▶ _Task requirements_
A verbatim repetition of the data below is requested, without images.
=== Begin Enclosure ===
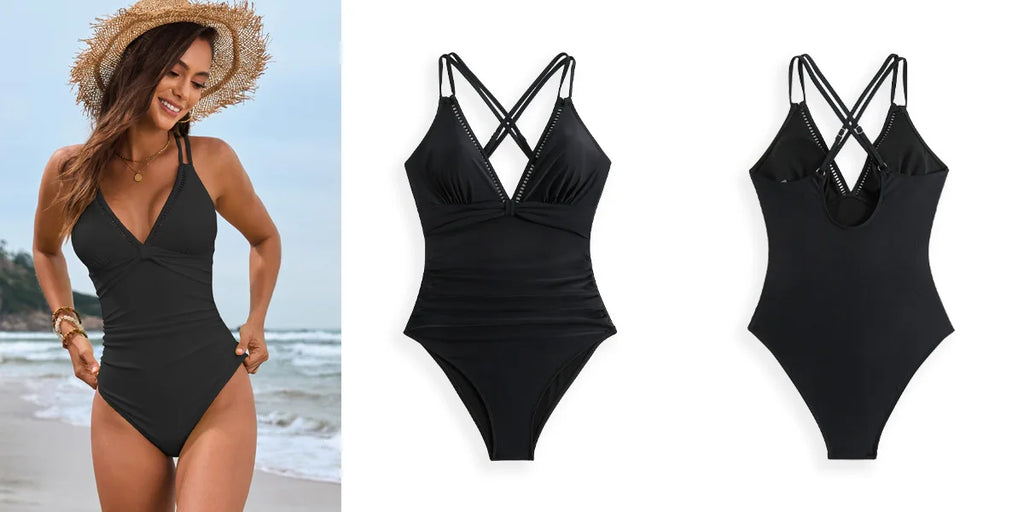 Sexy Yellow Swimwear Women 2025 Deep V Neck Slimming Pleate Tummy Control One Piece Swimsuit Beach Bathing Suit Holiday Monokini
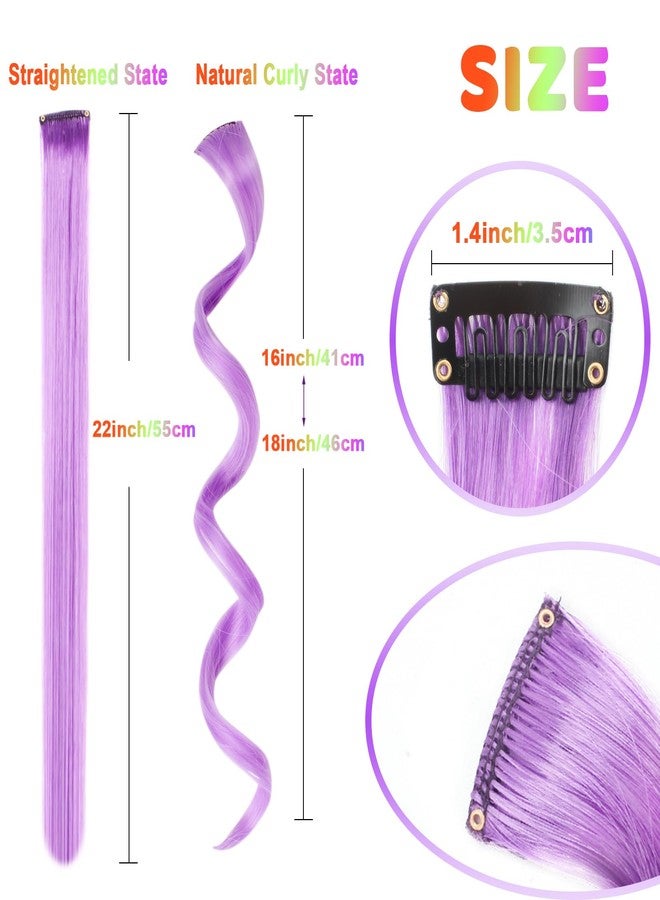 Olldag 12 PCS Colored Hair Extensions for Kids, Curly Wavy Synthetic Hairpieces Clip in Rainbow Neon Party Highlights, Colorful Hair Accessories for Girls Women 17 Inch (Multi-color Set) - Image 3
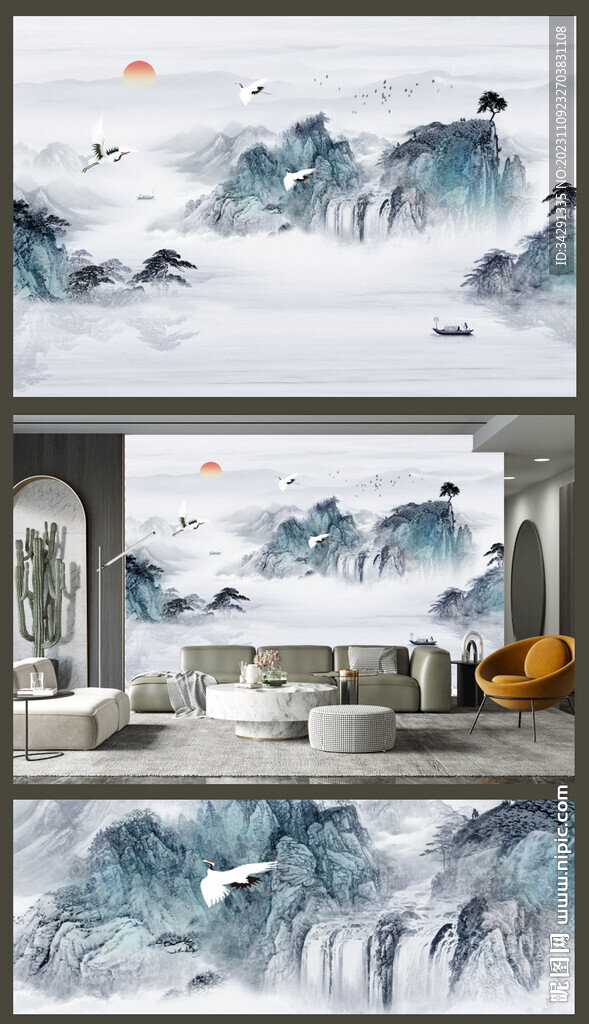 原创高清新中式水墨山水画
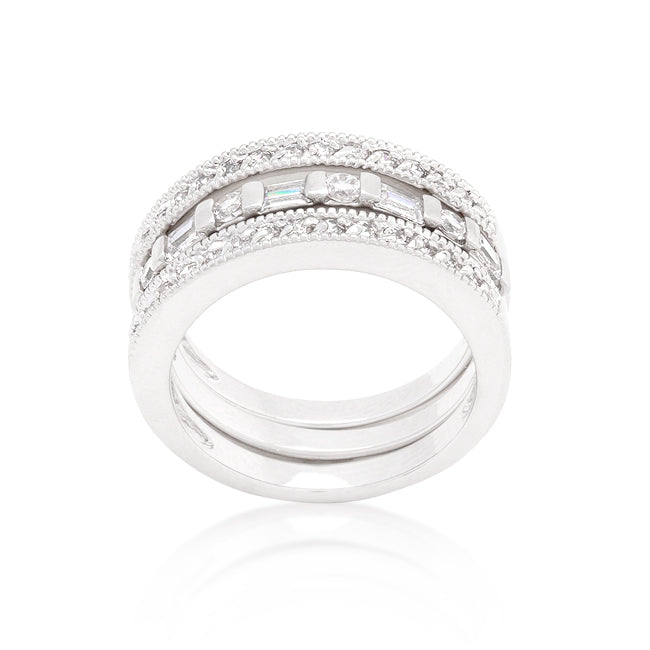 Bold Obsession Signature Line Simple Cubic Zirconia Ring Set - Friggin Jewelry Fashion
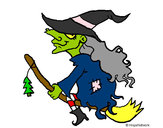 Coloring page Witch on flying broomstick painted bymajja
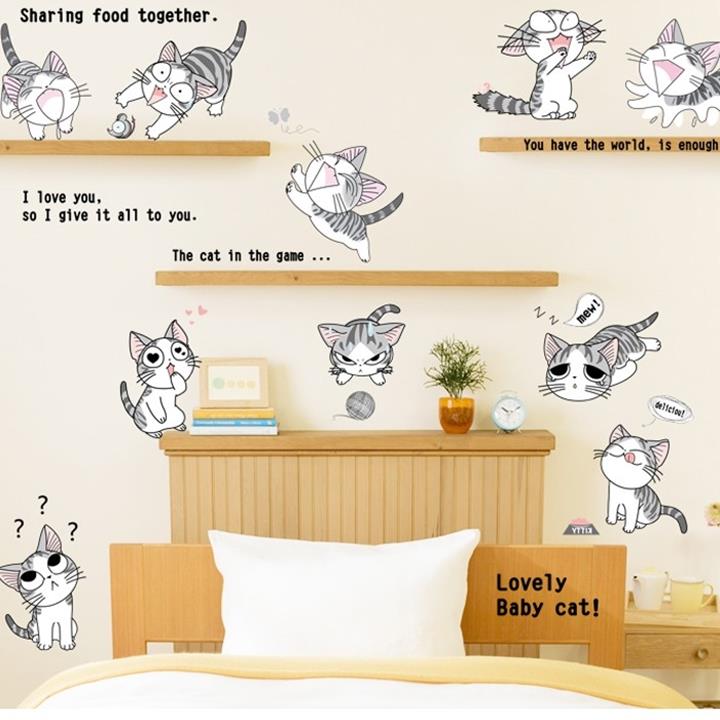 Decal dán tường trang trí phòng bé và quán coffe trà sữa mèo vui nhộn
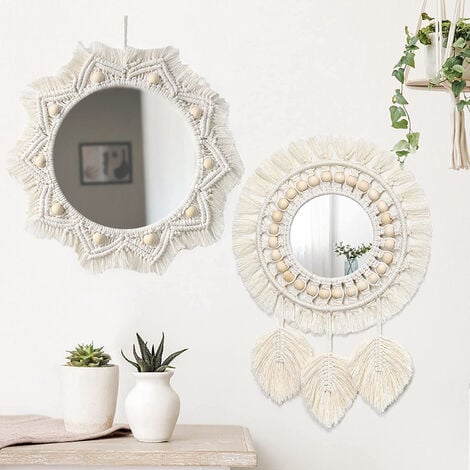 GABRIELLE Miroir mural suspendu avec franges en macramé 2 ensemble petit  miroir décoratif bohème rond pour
=== End Enclosure ===
▶ _Answer to the exercise_
 Sexy Yellow Swimwear Women 2025 Deep V Neck Slimming Pleate Tummy Control One Piece Swimsuit Beach Bathing Suit Holiday Monokini
 Olldag 12 PCS Colored Hair Extensions for Kids, Curly Wavy Synthetic Hairpieces Clip in Rainbow Neon Party Highlights, Colorful Hair Accessories for Girls Women 17 Inch (Multi-color Set) - Image 3
 原创高清新中式水墨山水画
 Bold Obsession Signature Line Simple Cubic Zirconia Ring Set - Friggin Jewelry Fashion
 Coloring page Witch on flying broomstick painted bymajja
 Decal dán tường trang trí phòng bé và quán coffe trà sữa mèo vui nhộn
 GABRIELLE Miroir mural suspendu avec franges en macramé 2 ensemble petit  miroir décoratif bohème rond pour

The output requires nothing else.